Concrete Playground Meets Sun Choreographer Hofesh Shechter

Schecter creates a show that balances light and dark, freedom and oppression, and that happy place we all have under the sun.

Eric Gardiner
Published on October 07, 2013

Over the past decade Hofesh Shechter has carved out a career as one of Britain’s most sought-after choreographers, delivering critical hits that showcase his prior talents as both a dancer and musician. Sun is the fourth show he’s brought to the Melbourne Festival, where it receives its world premiere. Before this, we spoke with Shechter from his adopted home of England.

“Sun started with trying to find something a bit lighter, more positive. I was looking at my work thinking, 'It’s very dark, everything that comes out', which has a lot to do with my circumstances in life,” he said. Shechter was brought up in Israel, where he was called up for a period of national service. Form this, he somehow managed to continue his dance training but the experience forced him to question the realities of freedom.

For Sun, he brought his initial ideas to the dancers and found they were transformed into something far more complex, with a sometimes awkward conflict between light and shade beginning to emerge. “In a way, this piece is dealing with a search for happiness," Shechter said. "Something very basic we all have — looking for a happy place under the sun. But there’s an undercurrent of danger and emotions that are much more difficult moving underneath.”

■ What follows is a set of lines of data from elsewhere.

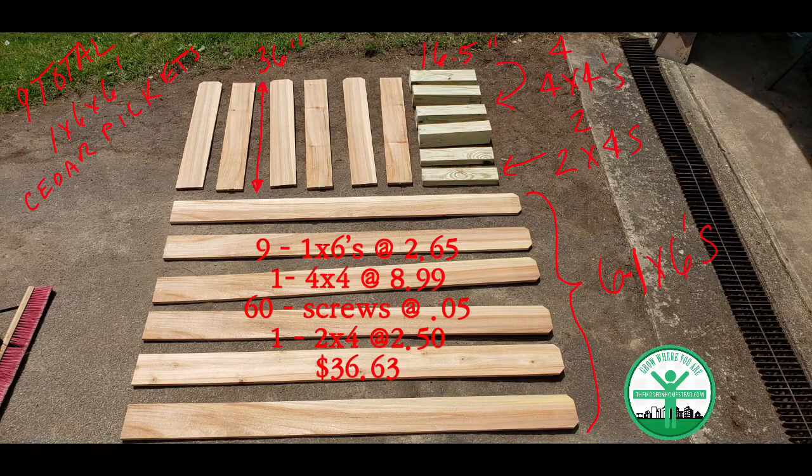This is the build for one box. When I costed these out, I did the cost as if I built two boxes, which is where I came up with $36.63. I used a 12-foot four-by-four cut into four pieces at 16 and a half inches each, plus two two-by-fours also cut at 16 and a half inches — I only had to buy one two-by-four to make two boxes. I divided all those costs in two and that's how I got to basically $37 to build these.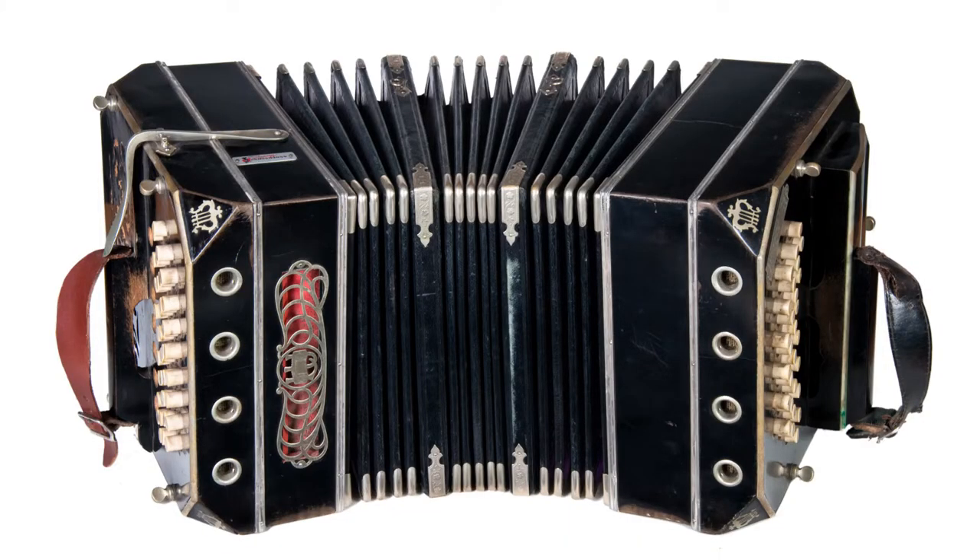This is an instrument that looks similar to an accordion, but it has its very own unique sound. Today you are going to get the chance to make your own ben d'agnon right at home.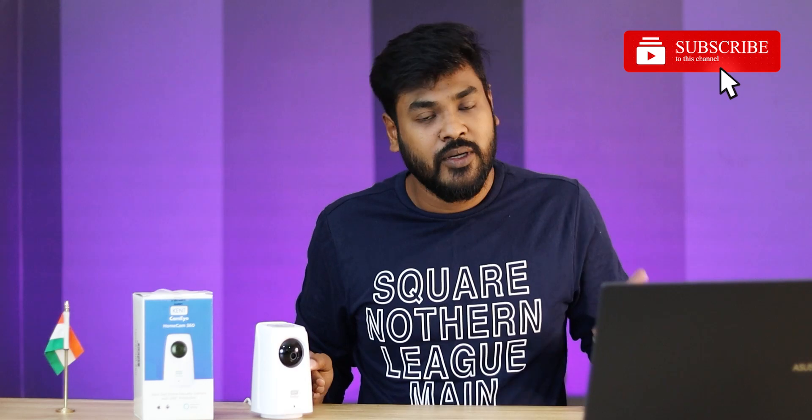Please let me know in the comment box. If you like the video, please like and share your suggestions in the comments. If you want to subscribe to the channel, you will be able to get more nice videos. Please check the bell icon. Thank you very much.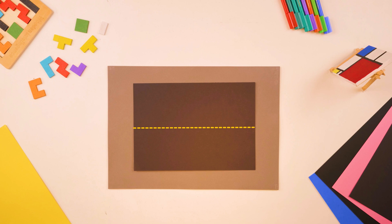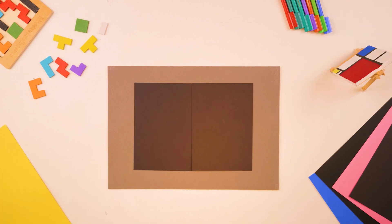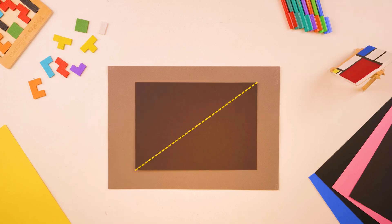Let's start with this simple rectangle. I can easily divide this into two equal parts with a horizontal cut, a vertical cut, or a diagonal cut.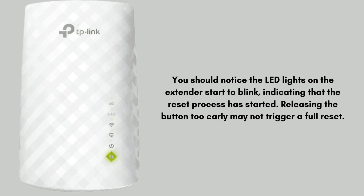Wait for the device to reboot. After releasing the reset button, the extender will automatically reboot. This may take up to 2 minutes. During this time, the LED lights will blink and eventually stabilize. The blinking pattern indicates that the device is resetting, wiping out all previous configurations and settings.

This complexity is familiar to Shechter's work, as he draws from his talents across multiple art forms. Watching footage of his work, it’s clear that his musical background in particular informs the nature of his choreography — he creates movement born inside the music. In Sun he is combining prerecorded sound with original composition. “Having that strong connection between the music and the choreography allows for a fuller, more powerful experience,” he says. “In a way it just makes my life more difficult, because making a soundscape is extremely detailed and time consuming, and with the choreography as well it becomes a bit of a monster. But very rewarding.”

He has an obvious passion for the connection between music and dance; not just because of the possibilities that stem from combining the two, but from the qualities they share closely beneath the surface. “It’s funny – when you’re making music you’re doing the job of arranging elements in time – it’s all about the relationship between one note to the other. So the two forms are very close friends and family.”

Having worked constantly for the past ten years on pure dance as well as choreography for theatre and television, Shechter has been well-placed to observe the continuing evolution of his art form. But he’s reluctant to describe the ways in which that dance has changed. “As much as I want to think that dance is a unique department in an office that we’re working together, it is in effect made out of so many events – choreographers that appear and disappear. That makes it very hard to tell whether there is real progress or whether it’s just individual people. Contemporary dance is searching for itself. It’s still not clear what it is, and that puts the art form in a very interesting place.”

Sun will be performed at the Melbourne Festival from October 11-16. Top image by Heather Judge.